**Task statement**
Once the line containing "Szklana zwisająca lampa" is found in the records below, return it and each following line exactly, up to and including the line containing "Kizer V3738BW2 Wharning", and nothing else.

**Record excerpts**

>>>>

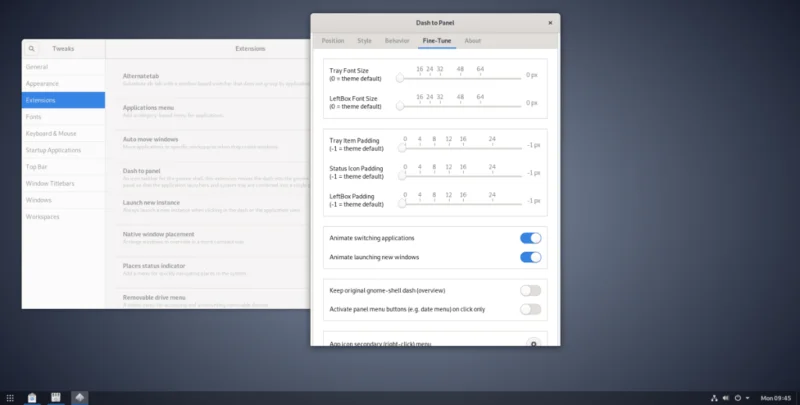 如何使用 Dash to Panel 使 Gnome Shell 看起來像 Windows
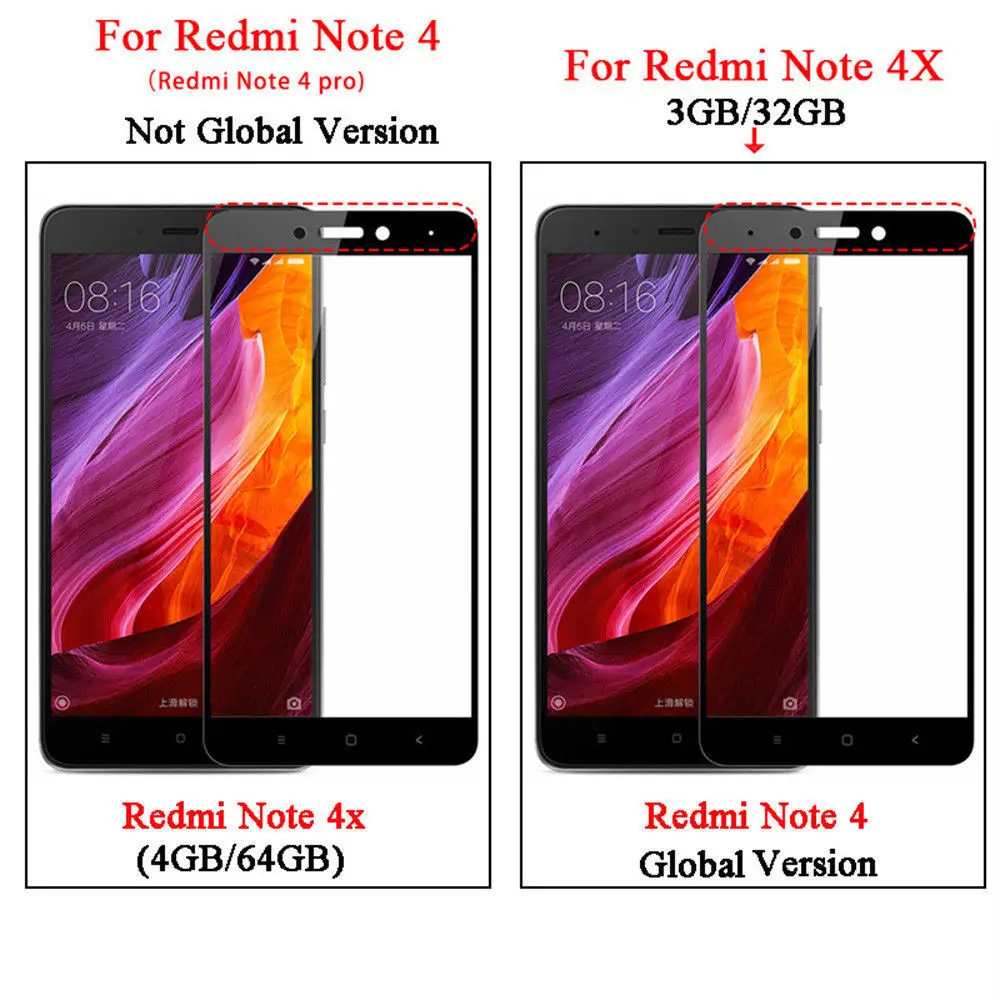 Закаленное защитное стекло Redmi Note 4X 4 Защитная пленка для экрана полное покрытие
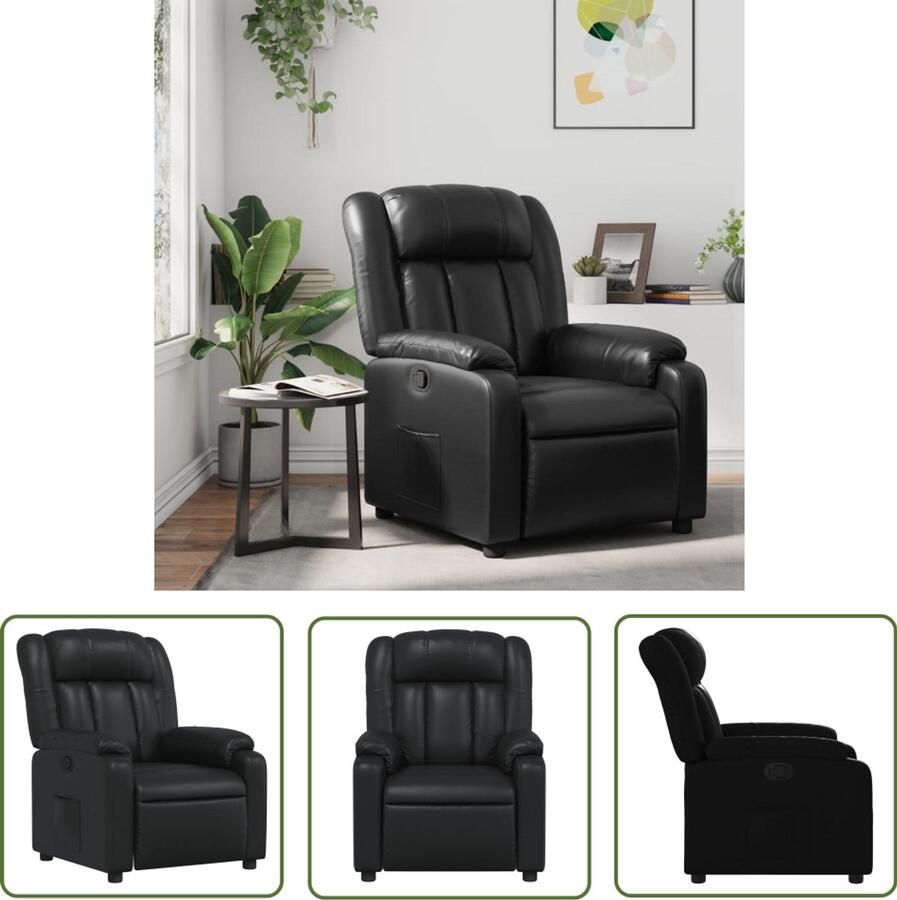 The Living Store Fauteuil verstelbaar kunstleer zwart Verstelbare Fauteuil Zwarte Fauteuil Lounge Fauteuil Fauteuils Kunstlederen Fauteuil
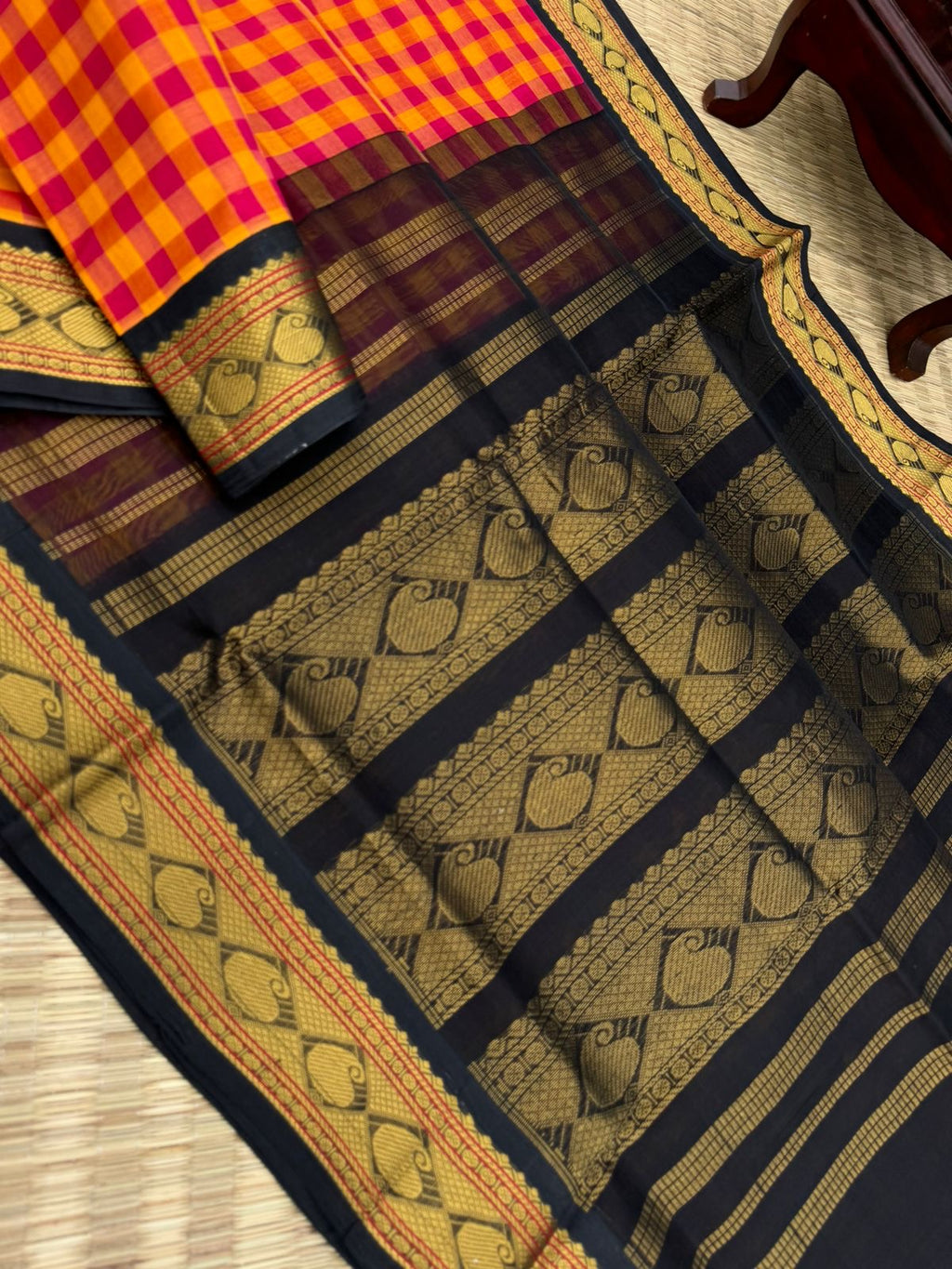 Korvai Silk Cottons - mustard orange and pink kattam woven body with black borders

<<<<
>>>>

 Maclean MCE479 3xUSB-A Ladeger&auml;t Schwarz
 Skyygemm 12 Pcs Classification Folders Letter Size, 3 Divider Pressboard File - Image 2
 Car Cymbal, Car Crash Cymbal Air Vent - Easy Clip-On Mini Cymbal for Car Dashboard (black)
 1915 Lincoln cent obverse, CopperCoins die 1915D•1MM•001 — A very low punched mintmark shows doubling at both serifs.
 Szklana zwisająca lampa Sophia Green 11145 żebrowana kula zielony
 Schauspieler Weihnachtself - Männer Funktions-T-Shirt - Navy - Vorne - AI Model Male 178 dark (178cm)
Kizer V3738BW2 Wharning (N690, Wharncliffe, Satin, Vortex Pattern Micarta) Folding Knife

<<<<

**Expected output**
 Szklana zwisająca lampa Sophia Green 11145 żebrowana kula zielony
 Schauspieler Weihnachtself - Männer Funktions-T-Shirt - Navy - Vorne - AI Model Male 178 dark (178cm)
Kizer V3738BW2 Wharning (N690, Wharncliffe, Satin, Vortex Pattern Micarta) Folding Knife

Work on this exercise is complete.